Review: Beautiful and Useless
In Beautiful and Useless, opposing themes are held up and mirrored against each other, some more traditional, like feminine and masculine, the dead and the living, youth and old age, some sensory like salty and sweet, and some metaphoric, like real life and fantasy. Striking the perfect balance, she celebrates the meeting of obscene and holy. In her own words, “We live in a world where we can get prayer bells and straw cutters on eBay and G Market.”
Full of casual elegance and vibrant characters, Beautiful and Useless is a portrait of everyday life, an intimate look into the soul. At times an inner dialogue with the self, other times an homage to things no longer around. Dancing between wisdom and wise-ass, Jeong knows how to deliver a punchline and how to deliver blows. Her honesty is brutal and refreshing. Though undaunted and unrestrained, an unmistaken gentleness remains throughout. Her poetry flows easily, and her words hit their mark. She demonstrates mastery over word play and metaphor, giving life to moments and details glossed over, overlooked and unseen. She teaches us that often times, it’s the inconsequential things which hold the most meaning.
Roughly structured to follow events of the lunar calendar, reading Beautiful and Useless is like transversing through a year of tender moments, heartache, accidental encounters. Kim Min Jeong’s style is both playful and earnest, sensitive and steadfast.

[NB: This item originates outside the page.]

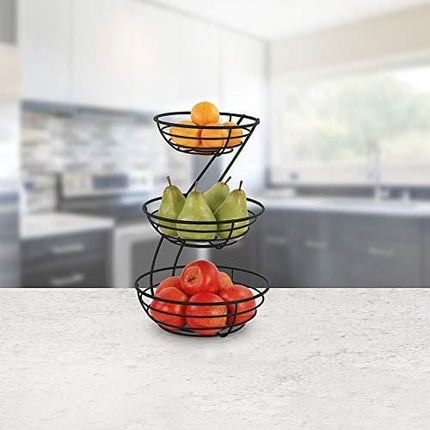Spectrum Diversified Euro Arched Server Contemporary Stacked, 3-Tier Bowls for Modern Kitchen Counters, Sleek Fruit Basket Stand, One, Black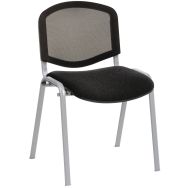 5 chaises Bliz piètement gris dossier résille noir assise tissu - GMCE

Words hold power to Kim Min Jeong. They give vegetables their taste just through the act of naming. They make subjective experiences accessible, closing our distances between each other, thus becoming reachable. Jeong never over-explains, she treasures ambiguity and paradox. Reading a poem out of Beautiful and Useless is like the setting of a timer for a later detonation. Something to keep around in your head and feel now, maybe understand later. While spanning a wide array of subjects, including sexuality, politics, and the passage of time. Jeong is generous with inventive imagery, with humor and with heart.
Jeong’s words hold intangible gravity yet are remarkably succinct, no doubt thanks to Soeun Seo and Jake Levine, whose careful and skilled translation provided a safe landing for the essence of the work during its voyage from one language to another. Perhaps writing this collection of poetry, like finding a use for gathered stones, was another practical application of making something beautiful out of something otherwise overlooked.